What does it mean to live and age well?
My doctoral research sought to understand this from the perspective of LGBTQ+ people of diverse cultural backgrounds in Australia. I spoke with 14 people aged 50 and above about their hopes and fears of ageing.
Together, we discussed photographs they owned or have taken to represent their thoughts.
What they shared both extended and challenged existing perceptions of ageing well.
Confronting loneliness
Being alone, lonely and vulnerable is the opposite of ageing well.
Paulo told me:
I’m staging a dreadful idea of life, losing my partner, being there by myself, growing old and lonely and powerless.
Taken at the front porch of his and his partner’s home, Paulo’s black and white photograph captures the helplessness and loneliness of ageing alone without partner and loved ones.
This fear transcends gender, sexuality and culture, present in reports of elder abuse and socially isolated older people.
This fear is heightened by discrimination.

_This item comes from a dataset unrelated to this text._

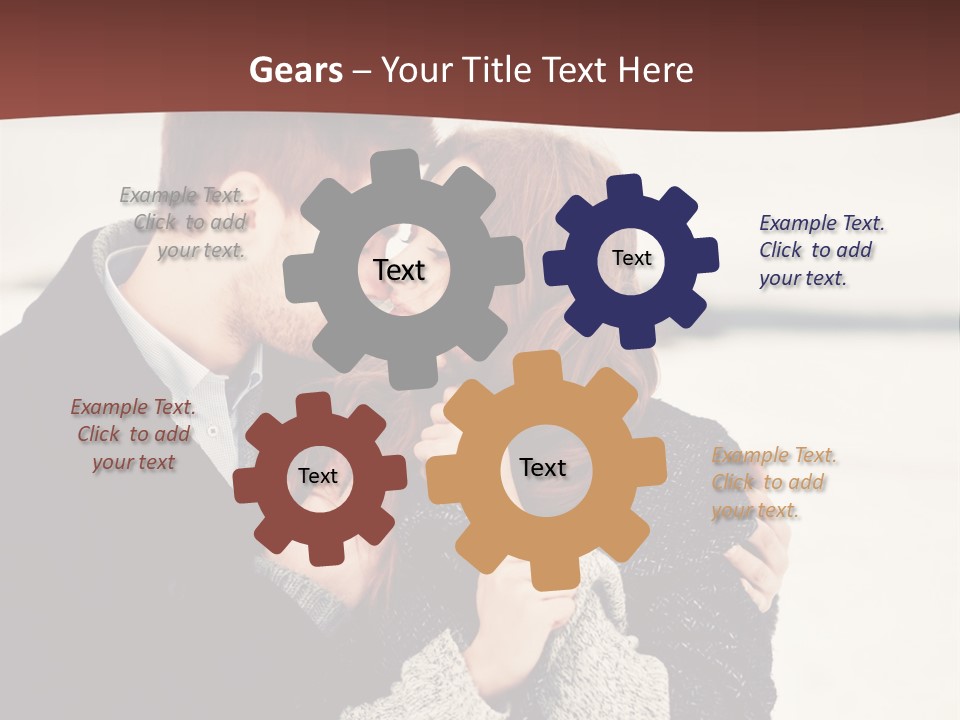 A Man And A Woman Kissing In Front Of A Brown Background PowerPoint Template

Ninu* said
as a gender diverse person, I’m really worried about being treated respectfully as I age. Having my pronouns used, being mis-gendered.
Dion said:
It’d be wonderful to have an Aboriginal and Torres Strait Islander care provider who was LGBTIQ or open […] Because there’s nothing worse than [talking] about your partner and they say ‘oh, what’s her name?’ and I go ‘Steven’ [laughs].

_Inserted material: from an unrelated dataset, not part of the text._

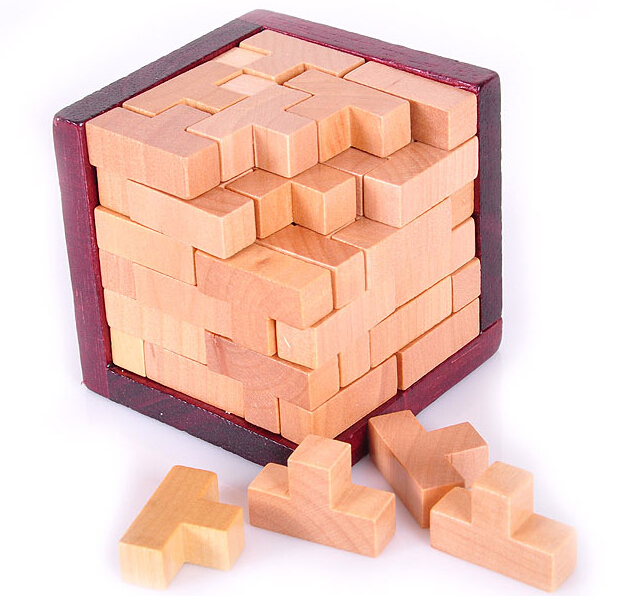3D Wooden Brain Teaser T-shaped Tetris Blocks Geometric Puzzle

The Royal Commission into Aged Care called for aged care policy and providers to be attentive to intersectional identities.
This means not seeing LGBTQIA+, Aboriginal and Torres Strait Islander, and culturally and linguistically diverse older people as three distinct groups, but understanding people can identify as belonging to more than one of these identities.
A time of change
Ageing is a time for transformation and growth.
As mopoke* said:
a lot of the words that are now in common use […] words like genderfluid, genderqueer, nonbinary […] We didn’t have these words growing up. When I look back, I’ve always considered myself nonbinary, but I never had the word for it.
Many I spoke to built a more authentic identity in the second half of their lives.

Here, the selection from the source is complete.